[Presently the great pile was alight.]
HEART OF THE WORLD
PROLOGUE.
DON IGNATIO
The circumstances under which the following pages come to be printed are somewhat curious and worthy of record. Within the last few years a certain English gentleman, whom we will call Jones, because it was not his name, chanced to be employed as the manager of a mine not far from the Usumacinto River, the upper reaches of which divide the Mexican State of Chiapas from the Republic of Guatemala.

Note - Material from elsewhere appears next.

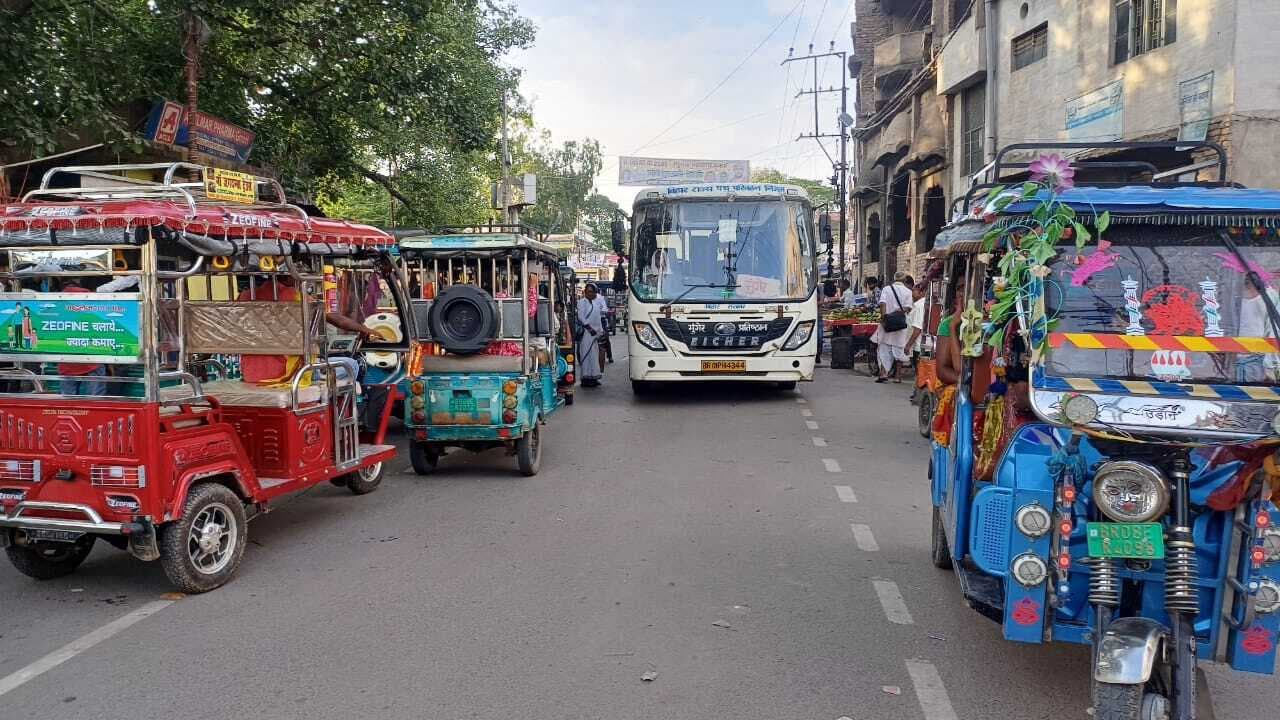 चौक बाजार में 28 सितंबर से 4 अक्तूबर तक ऑटो व टोटो के परिचालन पर प्रतिबंध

Now life at a mine in Chiapas, though doubtless it has some compensations, does not altogether fulfil a European’s ideal of happiness. To begin with, the work is hard, desperately hard, and though the climate is healthy enough among the mountains, there are valleys where men may die of fever. Of sport, strictly speaking, there is none, for the forests are too dense to hunt in with any comfort, and, if they were not, the swarms of venomous insects of various degree, that haunt them, would make this particular relaxation impossible.
Society also, as we understand it, is conspicuous by its absence, and should a man chance even to be married, he could not well bring his wife into regions that are still very unsettled, across forest paths, through rivers, and along the brinks of precipices, dangerous and impassable enough to strike terror to the heart of the stoutest traveller.
When Mr. Jones had dwelt for a year at the mines of La Concepcion, the fact of his loneliness, and a desire for acquaintances more congenial than the American clerk of the stores and his Indian labourers, came home to him with some force. During the first months of his residence he had attempted to make friends with the owners of some neighbouring fincas or farms. This attempt, however, he soon gave up in disgust, for these men proved to be half-breeds of the lowest class, living in an atmosphere of monotonous vice.
In this emergency, being a person of intelligence, Jones fell back upon intellectual resources, and devoted himself, so far as his time would allow, to the collection of antiquities, and to the study of such of the numerous ruins of pre-Aztec cities and temples as lay within his reach. The longer he pursued these researches, the more did they fascinate his imagination. Therefore, when he chanced to hear that, on the farther side of the mountain, at a hacienda called Santa Cruz, there dwelt an Indian, Don Ignatio by name, the owner of the hacienda, who was reported to have more knowledge of the antiguos, their history and relics, than anybody else in this part of Mexico, he determined to visit him upon the first opportunity.
This, indeed, he would have done before, for Don Ignatio boasted an excellent reputation, had it not been for the length of the journey to his home. Now, however, the difficulty was lessened by an Indian who offered to point out a practicable path over the mountain, which brought the hacienda of Santa Cruz to within a three hours’ ride on mule-back from La Concepcion, in place of the ten hours that were necessary to reach it by the more frequented road. Accordingly, one day in the dry season, when work was slack at the mine, owing to the water having fallen too low to turn the crushing-mill, Jones started. This was on a Saturday, for on the Monday previous he had despatched a runner to Don Ignatio announcing his intended visit, and received in reply a most courteous and well-written letter, begging him to pass the next Sunday at the hacienda, “where any English gentleman would always be most welcome.”
As he approached the hacienda, he was astonished to see the façade of an enormous white stone building of a semi-Moorish style of architecture, having towers and ornamented doorways at either end, and a large dome rising from the centre of its flat roof. Riding through the milpas, or corn-fields, and groves of cocoa and coffee bushes, all in a perfect state of cultivation, which covered many acres on every side of the building, Jones came to the gateway of a large patio, or courtyard, where grew several gigantic ceiba trees, throwing their grateful shade over the mouth of a well. From under these trees an Indian appeared, who evidently had been watching for his arrival, and, taking the horse, informed him, with many salutations, that the Señor Ignatio was at even-song with his people in the chapel yonder, according to his habit, but that the prayers would soon be finished.